* _WHAT YOU SHOULD DO_
In the answer, each line must appear exactly as in the records, and no picture may appear.

===

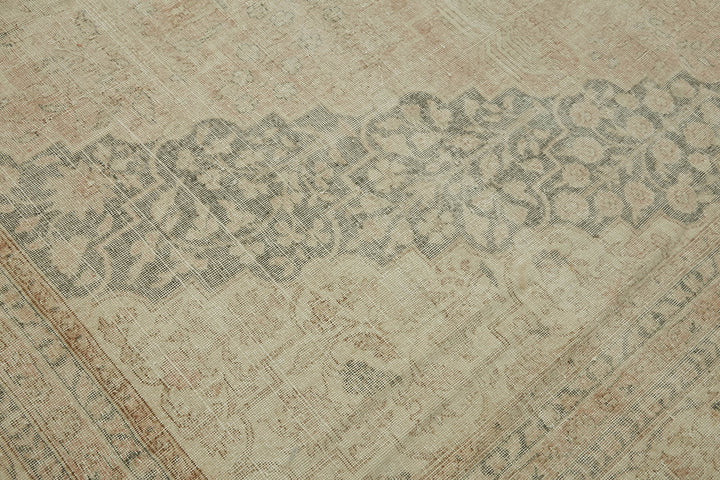 10x13 Beige Vintage Large Area Rug - 46174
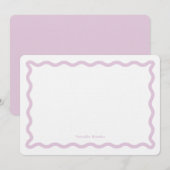 Carte De Correspondance Papier à lettres personnalisées Retro Wavy (Devant / Derrière)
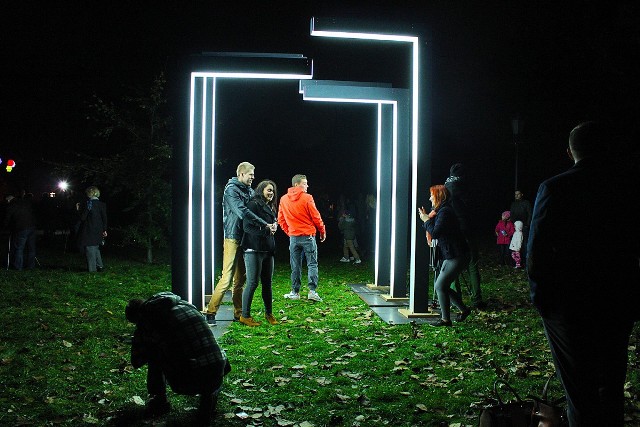 Light Move Festival 2013 w Łodzi. Video mapping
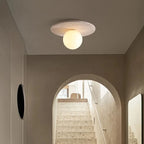 Faro Wabi Sabi Travertine Flush Mount Ceiling Light - Lumovique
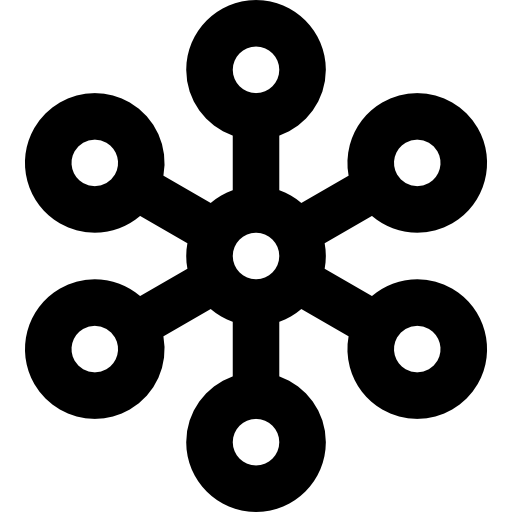 networking Basic Rounded Lineal Ícone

===

* _EXERCISE ANSWER_
 10x13 Beige Vintage Large Area Rug - 46174
 Carte De Correspondance Papier à lettres personnalisées Retro Wavy (Devant / Derrière)
 Light Move Festival 2013 w Łodzi. Video mapping
 Faro Wabi Sabi Travertine Flush Mount Ceiling Light - Lumovique
 networking Basic Rounded Lineal Ícone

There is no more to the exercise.